= Transvection (genetics) =

Transvection is an epigenetic phenomenon that results from an interaction between an allele on one chromosome and the corresponding allele on the homologous chromosome. Transvection can lead to either gene activation or repression. It can also occur between nonallelic regions of the genome as well as regions of the genome that are not transcribed.

The first observation of mitotic (i.e. non-meiotic) chromosome pairing was discovered via microscopy in 1908 by Nettie Stevens. Edward B. Lewis at Caltech discovered transvection at the bithorax complex in Drosophila in the 1950s. Since then, transvection has been observed at a number of additional loci in Drosophila, including the genes known as white, decapentaplegic, eyes absent, vestigial, and yellow.
 As defined by Lewis, "Operationally, transvection is occurring if the phenotype of a given genotype can be altered solely by disruption of somatic (or meiotic) pairing. Such disruption can generally be accomplished by introduction of a heterozygous rearrangement that disrupts pairing in the relevant region but has no position effect of its own on the phenotype" (cited by Ting Wu and Jim Morris, 1999). Recently, pairing-mediated phenomena have been observed in species other than Drosophila, including mice, humans, plants, nematodes, insects, and fungi. In light of these findings, transvection may represent a potent and widespread form of gene regulation.

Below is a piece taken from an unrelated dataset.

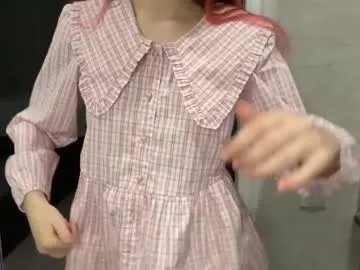 mishahartwigsen on Chaturbate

Transvection appears to be dependent upon chromosome pairing. In some cases, if one allele is placed on a different chromosome by a translocation, transvection does not occur. Transvection can sometimes be restored in a translocation homozygote, where both alleles may once again be able to pair. Restoration of phenotype has been observed at bithorax, decapentaplegic, eyes absent, and vestigial, and with transgenes of white. In some cases, transvection between two alleles leads to intragenic complementation while disruption of transvection disrupts the complementation.

Transvection is believed to occur through a variety of mechanisms. In one mechanism, the enhancers of one allele activate the promoter of a paired second allele. Other mechanisms include pairing-sensitive silencing and enhancer bypass of a chromatin insulator through pairing-mediated changes in gene structure.

The physiological relevance of transvection has recently been documented in the context of sex-biased gene expression. In Drosophila, transvection acts on the female X-linked gene yellow, which is homozygous in females (XX) versus hemizygous in males (XY).